Ryszard Petru (niezależny ekonomista) mówi: Najgorsze przed nami. Śmieszą mnie głosy, że u nas nie widać kryzysu. Jeszcze go zobaczymy. Pierwsze odczuwalne dla każdego objawy kryzysu - takie jak zwolnienia - będą na początku 2009 roku.

Witold Orłowski (doradca ekonomiczny PricewaterhouseCoopers) ocenia: Rynki finansowe niedługo powinny zacząć się uspokajać. Jednak czeka nas wyhamowanie eksportu i inwestycji zagranicznych. Gospodarkę ratować mogą pieniądze z funduszy unijnych.
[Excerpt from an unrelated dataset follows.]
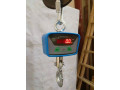 heavy-duty-mini-meat-hanging-crane-scale-electronic-small-0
Krzysztof Rybiński (partner w f irmie doradczej Ernst & Young) podkreślił :Nie wierzę w to, że pod wpływem kryzysu fundusze unijne będą lepiej wykorzystane, procedury przetargowe będą lepiej szły. Niby dlaczego? Chyba że w czasie kryzysu rząd zrobi najbardziej oczywiste reformy, które ułatwią inwestycje.

Stefan Kawalec (prezes firmy doradczej Capital Strategy) dodał, że Rząd powinien wymusić na bankach udzielanie kredytów. Bez tego banki nadal będą zacieśniały politykę kredytową i w efekcie przedsiębiorstwa będą miały problemy z płynnością.